Selon un décompte de l'AFP, les émeutes qui secouent le pays ont fait au moins sept morts. Mais les manifestants parisiens sont convaincus que ce chiffre est bien plus élevé, parlant de centaines de victimes. Beaucoup n'ont qu'un mot à la bouche : "génocide".
Tête de file de la gauche radicale française, Jean-Luc Mélenchon rejoint un temps le rassemblement. Il n'est "pas acceptable que l'on massacre ceux qui veulent seulement des élections libres et démocratiques", lance-t-il, avant d'être chaudement applaudi.
Dans les avenues huppées du 16e arrondissement, un visage connu de la Françafrique arpente lui aussi le pavé. C'est Robert Bourgi, proche de Jean Ping et ancien avocat d'Omar Bongo, le père d'Ali. Il souhaite, dit-il, "réparer son erreur de 2009", quand il avait appelé à l'élection d'Ali Bongo.
Lui aussi craint le pire. Et notamment que, "dans les jours, les semaines à venir, on découvre des charniers" au Gabon.

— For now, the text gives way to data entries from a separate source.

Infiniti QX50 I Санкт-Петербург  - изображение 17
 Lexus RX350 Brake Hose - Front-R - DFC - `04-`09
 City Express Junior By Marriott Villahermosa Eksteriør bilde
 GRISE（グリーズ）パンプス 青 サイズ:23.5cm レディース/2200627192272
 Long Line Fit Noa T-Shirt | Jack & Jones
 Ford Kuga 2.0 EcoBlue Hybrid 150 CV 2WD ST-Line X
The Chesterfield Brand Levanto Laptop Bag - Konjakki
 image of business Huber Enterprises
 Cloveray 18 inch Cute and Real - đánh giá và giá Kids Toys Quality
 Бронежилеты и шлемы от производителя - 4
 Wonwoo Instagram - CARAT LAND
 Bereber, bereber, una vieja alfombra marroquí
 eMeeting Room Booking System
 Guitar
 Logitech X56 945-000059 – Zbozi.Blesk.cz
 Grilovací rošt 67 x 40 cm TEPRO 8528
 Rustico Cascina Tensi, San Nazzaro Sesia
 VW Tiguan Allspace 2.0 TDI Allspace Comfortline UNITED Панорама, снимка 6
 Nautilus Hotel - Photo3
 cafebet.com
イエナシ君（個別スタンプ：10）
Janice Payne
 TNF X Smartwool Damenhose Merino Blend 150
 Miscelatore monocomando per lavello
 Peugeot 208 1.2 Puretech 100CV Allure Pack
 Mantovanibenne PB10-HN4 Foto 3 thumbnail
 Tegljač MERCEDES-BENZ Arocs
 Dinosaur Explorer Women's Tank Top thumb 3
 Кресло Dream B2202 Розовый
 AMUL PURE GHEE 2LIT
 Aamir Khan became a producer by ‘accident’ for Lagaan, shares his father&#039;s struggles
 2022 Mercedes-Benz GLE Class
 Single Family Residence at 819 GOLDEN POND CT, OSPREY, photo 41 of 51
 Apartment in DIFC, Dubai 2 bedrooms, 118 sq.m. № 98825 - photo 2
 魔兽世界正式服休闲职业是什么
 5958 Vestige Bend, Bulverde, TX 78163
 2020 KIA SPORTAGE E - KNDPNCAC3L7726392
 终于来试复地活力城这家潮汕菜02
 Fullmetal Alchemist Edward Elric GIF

Junior Boulemba, étudiant en master d'ingénierie mécanique, se demande lui dans quel Gabon il remettra les pieds. Il vient devant l'ambassade depuis la veille des élections "pour éviter la fraude", redoutant un bourrage des urnes.
S'il veut le départ d'Ali Bongo, c'est qu'il espère pouvoir rentrer un jour au Gabon. Mais pour l'instant, "ce n'est pas possible. J'habite dans un quartier qui s'appelle +ça m'étonne+ (dans la banlieue de Libreville, ndlr), où il n'y a ni eau, ni électricité. C'est un quartier où en 2009, on a eu la visite de Pascaline Bongo", la soeur d'Ali Bongo. Avant les élections, "ils nous ont assuré qu'il y aurait bientôt de l'eau et de l'électricité. Mais jusqu'aujourd'hui, il n'y a rien", se désole l'étudiant aux longues dreadlocks.
A la tête du cortège, un jeune lève "Odio", une torche indigène faite de sève et d'écorce d'okoumé, utilisée lors de rites initiatiques et censée "montrer le chemin". Une manifestante y voit un symbole, car dit-elle, aujourd'hui, "le Gabon a besoin de lumière".